Затем была сольная карьера в знаменитых «Самоцветах» Юрия Маликова.
Но ни толпы поклонниц, ни гастроли по странам соцблока не приносили радости. Раздражали и угнетали рамки, навязываемые властью, которая вторгалась во все сферы жизни, выбирая и указывая, что петь, в каких костюмах и какими голосами. В 1976 году Анатолий Могилевский принимает решение покинуть страну и в начале 1978 года оказывается в Нью-Йорке. Сразу выйти на сцену оказалось невозможно. На свободной западной земле никто не ждал, приходилось приспосабливаться к новым условиям, учить язык и искать работу. Будущей «звезде русской эмиграции» довелось поработать дворником и таксистом, прежде чем вновь получить возможность заняться творчеством.
В 1981 году Могилевский записывает первую виниловую пластинку с песнями Анатолия Днепрова. Диск получил название «Разбитое сердце». Дебютный альбом ожидало полное фиаско: из полуторатысячного тиража было продано несколько десятков экземпляров. Причиной тому был как неудачный подбор репертуара, сплошь состоящий из песен, аналогичных советской эстраде тех лет, так и блеклый дизайн.
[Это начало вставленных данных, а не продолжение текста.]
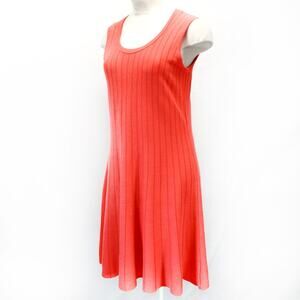 NICK ZOE Sleeveless Knit Swing Dress Orange 1X Modern Minimalist Resort Style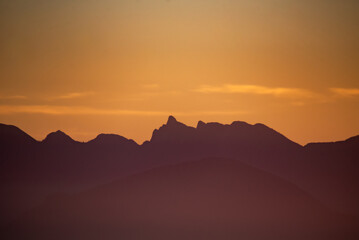 sunset in the mountains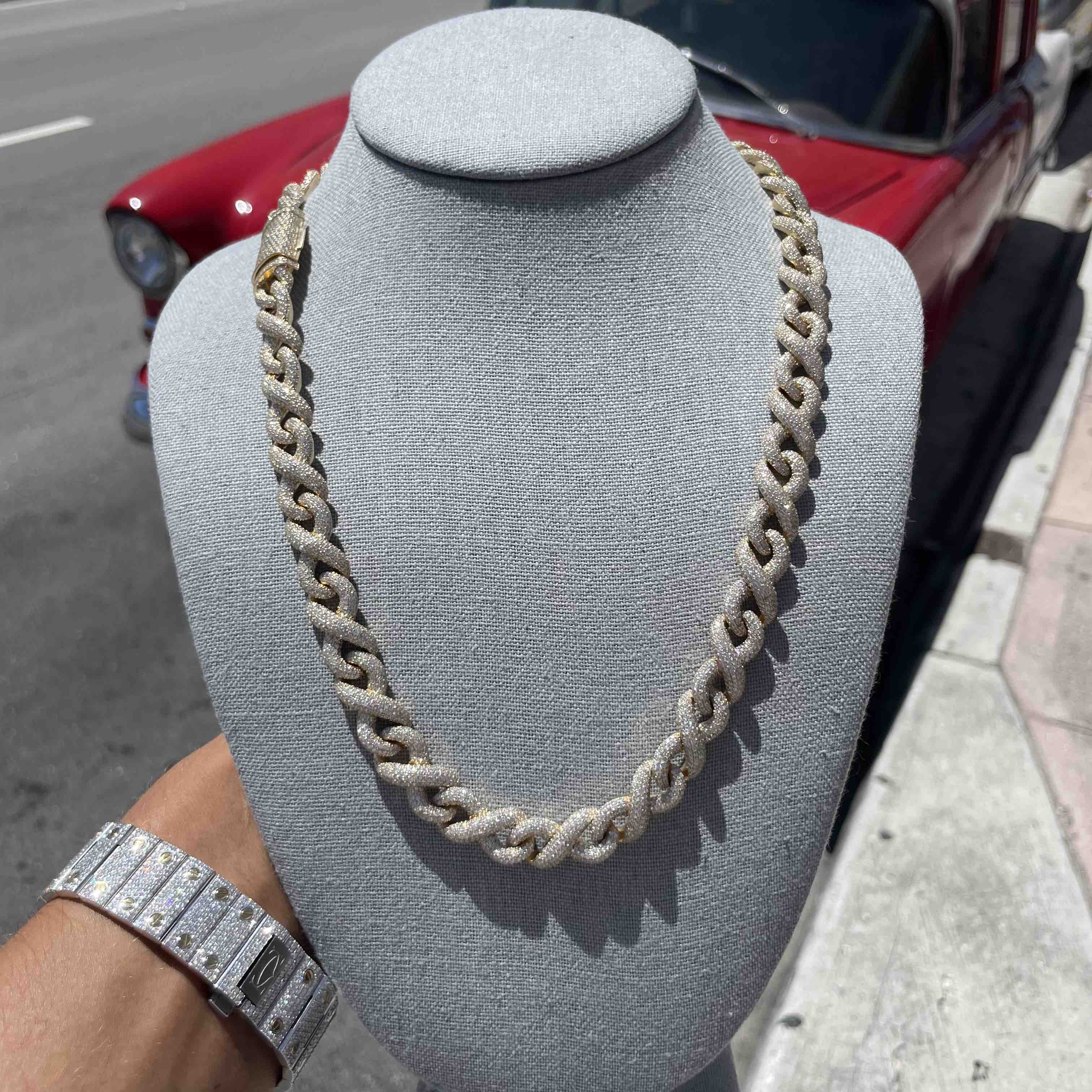BUST DOWN INFINITY Migo Yellow Link Chain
Следующие две пластинки создавались уже в соавторстве с Михаилом Шуфутинским. Тщательно подобранный репертуар, красивая инструментовка и великолепная подача приносят успех. С «черной» работой покончено. Анатолий востребован и поет в лучших русских ресторанах Нью-Йорка. Начинаются гастроли по всем странам мира, где можно встретить русскоговорящую публику. Не сбавляя темпа, исполнитель выпускает раз в год по новому проекту.